3. Chinese word segmentation
English has Spaces to distinguish words.
I love cat.
There are three words in it: I, love and cat.
However, Chinese does not have a marker to distinguish words.
I like cats.
How many words are in it?
This is awkward.
NLP must be based on vocabulary.
Chinese word splitting is huge, and third-party services are generally used.
For example, stuttering word segmentation is used to achieve word splitting.

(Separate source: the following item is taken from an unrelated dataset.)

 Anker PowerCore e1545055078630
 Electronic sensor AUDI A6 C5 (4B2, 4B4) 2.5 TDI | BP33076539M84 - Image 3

3.1 Jieba installation and use method
Code is compatible with Python 2/3
- Fully automatic installation:
easy_install jieba
orpip install jieba
/pip3 install jieba
- Semi-automatic installation: Download it firstpypi.python.org/pypi/jieba/Decompress and run
python setup.py install
- Manual installation: Download code files to place jieba directory in the current directory or site-packages directory
- through
import jieba
To refer to
Pay attention to “Peking University” below:
import jieba
sentence = "".join(jieba.cut("Welcome to Peking University Cafeteria."))
print(sentence) Welcome to Peking University Cafeteria
sentence2 = "".join(jieba.cut("Welcome to Beijing University Student Volunteer Center"))
print(sentence2) Welcome to Beijing University Student Volunteer Center
Copy the code
Natural language processing in Chinese starts with breaking down words. That’s the only difference.